Notável o erro em relação
à Bahia, onde a vitória de Paulo Souto no primeiro turno era garantida por
robusta porcentagem, e onde quem se sagrou governador de saída é o escolhido de
Jaques Wagner, Rui Costa. E no Rio Grande do Sul quem trafegou em terceiro
lugar desde o início da campanha a governador, Ivo Sartori, do PMDB, vai para o
segundo turno em primeiro lugar. Cabe questionar os institutos: incompetência
ou má-fé? Deslize em proveito da crença guardada a sete chaves, ou falta total
de acuidade?
Algo mais a anotar: o
excelente resultado obtido pela presidenta no Nordeste, a região que soube
entender e aproveitar o êxito das políticas realizadas nos últimos 12 anos
pelos governos de Lula e Dilma. Mais expressivo de todos, o desfecho baiano.

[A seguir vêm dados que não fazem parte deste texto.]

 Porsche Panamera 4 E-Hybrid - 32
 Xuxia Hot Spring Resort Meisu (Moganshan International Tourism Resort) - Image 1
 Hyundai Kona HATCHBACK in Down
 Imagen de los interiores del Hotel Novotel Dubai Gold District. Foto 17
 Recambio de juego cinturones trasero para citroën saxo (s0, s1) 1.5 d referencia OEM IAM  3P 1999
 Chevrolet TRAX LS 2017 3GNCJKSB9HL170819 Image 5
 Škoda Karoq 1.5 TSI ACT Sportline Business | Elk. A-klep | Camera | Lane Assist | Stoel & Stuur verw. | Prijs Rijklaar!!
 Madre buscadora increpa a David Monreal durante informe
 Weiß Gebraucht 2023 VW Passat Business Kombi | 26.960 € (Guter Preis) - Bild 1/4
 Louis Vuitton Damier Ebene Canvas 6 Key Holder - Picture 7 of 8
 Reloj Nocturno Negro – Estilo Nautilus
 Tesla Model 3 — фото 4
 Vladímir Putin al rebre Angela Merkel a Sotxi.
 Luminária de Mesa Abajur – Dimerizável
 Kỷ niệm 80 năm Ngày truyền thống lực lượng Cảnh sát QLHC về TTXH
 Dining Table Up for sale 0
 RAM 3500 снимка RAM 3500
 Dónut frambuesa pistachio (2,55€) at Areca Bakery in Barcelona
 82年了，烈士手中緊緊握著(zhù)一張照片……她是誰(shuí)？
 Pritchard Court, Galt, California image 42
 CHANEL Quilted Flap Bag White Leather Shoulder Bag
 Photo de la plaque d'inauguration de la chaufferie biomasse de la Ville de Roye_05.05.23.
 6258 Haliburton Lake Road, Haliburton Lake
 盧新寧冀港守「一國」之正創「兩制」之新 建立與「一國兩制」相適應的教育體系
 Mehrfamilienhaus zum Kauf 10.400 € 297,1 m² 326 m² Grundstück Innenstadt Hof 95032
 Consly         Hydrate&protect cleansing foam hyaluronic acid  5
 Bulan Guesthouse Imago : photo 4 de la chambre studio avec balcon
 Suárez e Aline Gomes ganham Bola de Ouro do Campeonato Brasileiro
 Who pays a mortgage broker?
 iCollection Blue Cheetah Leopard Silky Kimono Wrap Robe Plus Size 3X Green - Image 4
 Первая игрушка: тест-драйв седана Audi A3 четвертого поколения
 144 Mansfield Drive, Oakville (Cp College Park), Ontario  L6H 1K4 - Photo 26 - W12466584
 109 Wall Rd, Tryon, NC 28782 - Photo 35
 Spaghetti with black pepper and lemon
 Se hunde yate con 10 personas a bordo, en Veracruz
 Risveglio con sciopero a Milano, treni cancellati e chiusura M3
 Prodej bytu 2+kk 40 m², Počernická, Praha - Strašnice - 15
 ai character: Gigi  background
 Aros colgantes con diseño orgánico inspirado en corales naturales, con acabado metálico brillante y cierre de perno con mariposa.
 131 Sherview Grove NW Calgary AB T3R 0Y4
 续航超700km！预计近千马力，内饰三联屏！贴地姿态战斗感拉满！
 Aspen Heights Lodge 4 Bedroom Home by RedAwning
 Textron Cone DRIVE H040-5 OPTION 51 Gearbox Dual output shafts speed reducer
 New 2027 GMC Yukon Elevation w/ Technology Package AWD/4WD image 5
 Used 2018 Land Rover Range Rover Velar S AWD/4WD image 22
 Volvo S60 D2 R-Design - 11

Ali havia motivos para temer o retorno do carlismo, já representado na
prefeitura de Salvador pelo neto de Antonio Carlos. Registra-se o êxito da administração
wagneriana, sem cavalgada das Valquírias.
Na visão óbvia das
próximas três semanas, a nos separar do segundo turno da eleição presidencial,
não é árduo prever uma disputa ao último sangue, com a participação maciça da
mídia alinhada compactamente às costas do tucanato e, do outro, de Lula,
novamente em ação, talvez mais do que nunca.
Cabe comparar a situação de hoje com aquela de quatro anos
atrás. Dilma cai cerca de 5 pontos porcentuais, enquanto
Aécio melhora em cerca de 1 ponto a posição do então candidato José Serra.
Marina Silva também cresceu cerca de 2. Ou seja, as condições não estão muito
longe daquelas de 2010. E, por outra, repete-se a polarização tradicional nas
últimas duas décadas. E esta é a hora de reafirmar o apoio de CartaCapital à presidenta.
As nossas motivações se
reforçam nesta fase do confronto. Ao se inaugurar a campanha, previa neste
espaço que tanto Aécio quanto Marina seriam inevitavelmente arrastados para a
direita ao surfar a onda midiática. Neste gênero de entrega
ao chamado das sereias os tucanos já mostraram largamente a sua escassa vocação
odisseica. Foi o que se deu com Fernando Henrique Cardoso na Presidência e com
José Serra em diversas oportunidades. Ambos tornaram-se empedernidos reacionários,
a exibir toda a inconsistência ideológica da chamada esquerda brasileira. Ou,
pelo menos, de certa vertente dita esquerdista.
A esta altura, Aécio já
disse a que veio. Em um ponto, certamente, a orientação fica definida. Confesso
meu pavor diante da perspectiva de ter Arminio Fraga como ministro da Fazenda,
destemido arauto do neoliberalismo, não menos de FHC e seu governo. Apavorante
retorno ao passado, para falar alto e bom som, igual a um editorial do Estadão. Temo, obviamente, que a
ameaça formulada então, a privatização da Petrobras, se concretize caso Aécio
chegue ao trono. E me pergunto o que será de uma política exterior que
desatrelou os interesses do Brasil daqueles dos Estados Unidos, ora viva.
E que sobraria de uma
política social que melhorou a vida de boa parte de condenados à miséria e
investiu bastante em educação? Avanços insuficientes, é verdade factual, mas
importantes no País da casa-grande e da senzala. E esta continua a ser a
questão central. Como há de ser para quem se empenha a favor da igualdade.
Apoiamos Dilma porque ela representa esperança de igualdade, e CartaCapital não arrefece na expectativa de quem dela se aproxime cada vez
mais. O estadista almejado. Dono, por exemplo, de sabedoria e coragem
para coibir os desmandos midiáticos, a começar pela hegemonia da Globo, na
terra do futebol onde o próprio, e chego aos limites do cogitável, é disputado
nos horários que ela decide. Este pode ser tomado como exemplo miúdo, mas não
é.
E se falamos de esporte,
regras hão de ser estabelecidas para impedir de vez a farra dos cartolas, de
forma a devolver dignidade ao esporte das multidões. É deste gênero de atuação
que o povo precisa, inserida no quadro de uma política social voltada às
demandas mais profundas da alma nacional.
Não precisamos, por
exemplo, de uma dita Comissão da Verdade que se apavora diante da verdade.
Factual, está claro. Precisamos, isto sim, liquidar de vez uma lei da anistia
imposta pela ditadura encerrada há quase 30 anos. Atitudes deste porte, talvez
menor na aparência, provariam de fato uma ousadia nunca dantes navegada, a
indicar um governo capaz de dar início à demolição da casa-grande e da senzala.
Conduzida em paz, em sintonia, porém, com o nosso tempo.